▸ PROVIDED DATA:
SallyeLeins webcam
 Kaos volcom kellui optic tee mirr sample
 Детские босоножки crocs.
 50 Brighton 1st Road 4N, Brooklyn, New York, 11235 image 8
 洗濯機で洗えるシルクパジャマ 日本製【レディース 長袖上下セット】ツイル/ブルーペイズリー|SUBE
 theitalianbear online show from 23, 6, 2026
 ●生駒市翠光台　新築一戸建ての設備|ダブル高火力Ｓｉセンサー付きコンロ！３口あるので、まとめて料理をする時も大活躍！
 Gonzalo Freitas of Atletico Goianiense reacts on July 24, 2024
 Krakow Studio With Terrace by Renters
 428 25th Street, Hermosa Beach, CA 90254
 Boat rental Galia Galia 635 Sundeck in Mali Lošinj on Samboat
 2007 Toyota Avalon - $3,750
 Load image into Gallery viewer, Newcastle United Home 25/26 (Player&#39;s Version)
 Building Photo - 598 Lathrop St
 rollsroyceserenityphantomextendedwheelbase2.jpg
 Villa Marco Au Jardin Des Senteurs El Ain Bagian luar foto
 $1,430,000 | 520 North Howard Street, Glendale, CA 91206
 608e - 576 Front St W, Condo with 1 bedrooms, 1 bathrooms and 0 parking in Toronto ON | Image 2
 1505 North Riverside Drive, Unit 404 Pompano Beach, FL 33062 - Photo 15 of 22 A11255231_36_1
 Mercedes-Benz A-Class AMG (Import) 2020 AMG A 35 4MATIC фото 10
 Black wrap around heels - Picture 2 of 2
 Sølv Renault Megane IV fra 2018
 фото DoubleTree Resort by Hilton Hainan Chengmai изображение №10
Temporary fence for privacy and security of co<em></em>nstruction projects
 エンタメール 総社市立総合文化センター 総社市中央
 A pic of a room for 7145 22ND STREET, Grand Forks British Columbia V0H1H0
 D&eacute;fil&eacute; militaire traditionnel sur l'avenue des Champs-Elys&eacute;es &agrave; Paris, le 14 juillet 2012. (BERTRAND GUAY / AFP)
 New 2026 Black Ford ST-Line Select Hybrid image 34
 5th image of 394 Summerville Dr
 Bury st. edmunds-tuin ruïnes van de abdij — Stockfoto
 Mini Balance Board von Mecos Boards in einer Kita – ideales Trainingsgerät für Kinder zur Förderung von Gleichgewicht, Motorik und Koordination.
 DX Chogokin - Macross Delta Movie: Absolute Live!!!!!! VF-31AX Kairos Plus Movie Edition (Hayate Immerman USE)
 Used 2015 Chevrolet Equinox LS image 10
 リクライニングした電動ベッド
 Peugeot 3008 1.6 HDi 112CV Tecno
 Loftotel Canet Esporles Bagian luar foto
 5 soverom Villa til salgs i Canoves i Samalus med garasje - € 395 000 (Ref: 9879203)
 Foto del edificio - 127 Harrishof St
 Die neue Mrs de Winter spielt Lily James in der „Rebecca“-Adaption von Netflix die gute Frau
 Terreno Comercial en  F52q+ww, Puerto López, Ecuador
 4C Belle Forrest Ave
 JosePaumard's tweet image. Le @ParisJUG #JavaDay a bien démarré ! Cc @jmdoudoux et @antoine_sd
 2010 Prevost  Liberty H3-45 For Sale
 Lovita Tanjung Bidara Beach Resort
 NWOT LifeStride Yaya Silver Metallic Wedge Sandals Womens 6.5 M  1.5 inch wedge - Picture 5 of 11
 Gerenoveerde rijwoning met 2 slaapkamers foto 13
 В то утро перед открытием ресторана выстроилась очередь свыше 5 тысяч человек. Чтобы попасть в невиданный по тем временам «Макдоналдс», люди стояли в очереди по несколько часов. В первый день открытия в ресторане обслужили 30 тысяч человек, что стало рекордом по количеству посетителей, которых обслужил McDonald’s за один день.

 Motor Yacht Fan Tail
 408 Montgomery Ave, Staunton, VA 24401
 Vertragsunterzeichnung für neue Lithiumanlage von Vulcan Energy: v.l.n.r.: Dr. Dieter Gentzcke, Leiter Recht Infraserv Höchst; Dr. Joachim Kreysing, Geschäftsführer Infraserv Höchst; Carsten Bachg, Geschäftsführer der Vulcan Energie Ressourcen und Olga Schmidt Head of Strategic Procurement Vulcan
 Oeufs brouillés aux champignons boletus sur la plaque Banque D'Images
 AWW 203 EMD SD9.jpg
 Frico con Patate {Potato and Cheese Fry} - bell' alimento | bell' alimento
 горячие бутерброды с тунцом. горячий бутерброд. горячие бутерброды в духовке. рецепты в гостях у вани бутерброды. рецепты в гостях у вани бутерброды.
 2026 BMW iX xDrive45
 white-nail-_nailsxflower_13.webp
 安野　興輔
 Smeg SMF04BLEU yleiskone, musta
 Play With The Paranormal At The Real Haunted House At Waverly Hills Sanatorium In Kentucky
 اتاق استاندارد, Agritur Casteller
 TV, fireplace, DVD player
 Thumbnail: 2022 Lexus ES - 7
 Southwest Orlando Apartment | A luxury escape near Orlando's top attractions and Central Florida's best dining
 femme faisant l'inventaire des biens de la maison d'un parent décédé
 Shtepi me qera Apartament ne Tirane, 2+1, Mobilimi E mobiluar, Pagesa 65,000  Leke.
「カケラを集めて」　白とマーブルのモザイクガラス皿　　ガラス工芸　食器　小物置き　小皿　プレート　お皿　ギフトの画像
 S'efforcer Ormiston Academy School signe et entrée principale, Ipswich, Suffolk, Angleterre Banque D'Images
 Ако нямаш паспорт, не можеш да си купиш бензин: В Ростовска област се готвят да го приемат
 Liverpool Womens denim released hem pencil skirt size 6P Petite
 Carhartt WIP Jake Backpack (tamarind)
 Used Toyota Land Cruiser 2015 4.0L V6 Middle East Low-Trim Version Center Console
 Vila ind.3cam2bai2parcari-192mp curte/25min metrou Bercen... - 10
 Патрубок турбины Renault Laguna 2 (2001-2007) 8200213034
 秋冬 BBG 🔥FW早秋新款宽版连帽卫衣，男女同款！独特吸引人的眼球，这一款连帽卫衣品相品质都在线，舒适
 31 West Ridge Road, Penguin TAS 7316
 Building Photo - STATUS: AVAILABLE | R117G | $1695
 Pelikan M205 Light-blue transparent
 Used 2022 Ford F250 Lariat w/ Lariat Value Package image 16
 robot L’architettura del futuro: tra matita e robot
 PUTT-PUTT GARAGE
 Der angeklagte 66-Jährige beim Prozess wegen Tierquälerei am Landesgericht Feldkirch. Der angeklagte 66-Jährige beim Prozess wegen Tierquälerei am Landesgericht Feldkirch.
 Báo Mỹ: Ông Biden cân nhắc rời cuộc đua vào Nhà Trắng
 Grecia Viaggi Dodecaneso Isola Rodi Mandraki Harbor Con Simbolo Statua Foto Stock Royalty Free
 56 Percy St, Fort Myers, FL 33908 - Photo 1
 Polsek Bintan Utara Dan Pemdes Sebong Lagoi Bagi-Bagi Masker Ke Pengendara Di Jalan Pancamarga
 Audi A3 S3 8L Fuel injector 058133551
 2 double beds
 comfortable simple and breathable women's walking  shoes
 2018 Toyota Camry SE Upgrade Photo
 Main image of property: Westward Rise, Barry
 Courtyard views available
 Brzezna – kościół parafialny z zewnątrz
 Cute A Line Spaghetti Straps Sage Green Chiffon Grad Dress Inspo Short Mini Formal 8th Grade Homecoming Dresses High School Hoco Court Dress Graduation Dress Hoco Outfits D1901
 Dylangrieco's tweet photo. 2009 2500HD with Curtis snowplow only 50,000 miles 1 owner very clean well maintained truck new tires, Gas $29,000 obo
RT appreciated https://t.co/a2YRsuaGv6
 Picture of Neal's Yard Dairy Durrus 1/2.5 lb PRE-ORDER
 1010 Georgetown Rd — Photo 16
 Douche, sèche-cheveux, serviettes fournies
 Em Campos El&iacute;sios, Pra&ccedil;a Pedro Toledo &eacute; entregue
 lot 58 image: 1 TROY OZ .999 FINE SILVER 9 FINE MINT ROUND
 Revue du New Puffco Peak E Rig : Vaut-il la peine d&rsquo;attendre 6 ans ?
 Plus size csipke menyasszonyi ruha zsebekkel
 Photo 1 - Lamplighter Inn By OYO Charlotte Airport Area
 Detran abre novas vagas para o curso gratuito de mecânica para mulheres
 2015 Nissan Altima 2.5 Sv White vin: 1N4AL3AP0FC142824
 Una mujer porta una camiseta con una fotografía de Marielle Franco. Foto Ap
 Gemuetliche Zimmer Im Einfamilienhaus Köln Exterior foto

▸ WHAT YOU HAVE TO DO:
Give back every line from the beginning of the records through the line holding "Sølv Renault Megane IV fra 2018", exactly as it reads, and leave out the rest.

▸ RESULT OF THIS TASK:
SallyeLeins webcam
 Kaos volcom kellui optic tee mirr sample
 Детские босоножки crocs.
 50 Brighton 1st Road 4N, Brooklyn, New York, 11235 image 8
 洗濯機で洗えるシルクパジャマ 日本製【レディース 長袖上下セット】ツイル/ブルーペイズリー|SUBE
 theitalianbear online show from 23, 6, 2026
 ●生駒市翠光台　新築一戸建ての設備|ダブル高火力Ｓｉセンサー付きコンロ！３口あるので、まとめて料理をする時も大活躍！
 Gonzalo Freitas of Atletico Goianiense reacts on July 24, 2024
 Krakow Studio With Terrace by Renters
 428 25th Street, Hermosa Beach, CA 90254
 Boat rental Galia Galia 635 Sundeck in Mali Lošinj on Samboat
 2007 Toyota Avalon - $3,750
 Load image into Gallery viewer, Newcastle United Home 25/26 (Player&#39;s Version)
 Building Photo - 598 Lathrop St
 rollsroyceserenityphantomextendedwheelbase2.jpg
 Villa Marco Au Jardin Des Senteurs El Ain Bagian luar foto
 $1,430,000 | 520 North Howard Street, Glendale, CA 91206
 608e - 576 Front St W, Condo with 1 bedrooms, 1 bathrooms and 0 parking in Toronto ON | Image 2
 1505 North Riverside Drive, Unit 404 Pompano Beach, FL 33062 - Photo 15 of 22 A11255231_36_1
 Mercedes-Benz A-Class AMG (Import) 2020 AMG A 35 4MATIC фото 10
 Black wrap around heels - Picture 2 of 2
 Sølv Renault Megane IV fra 2018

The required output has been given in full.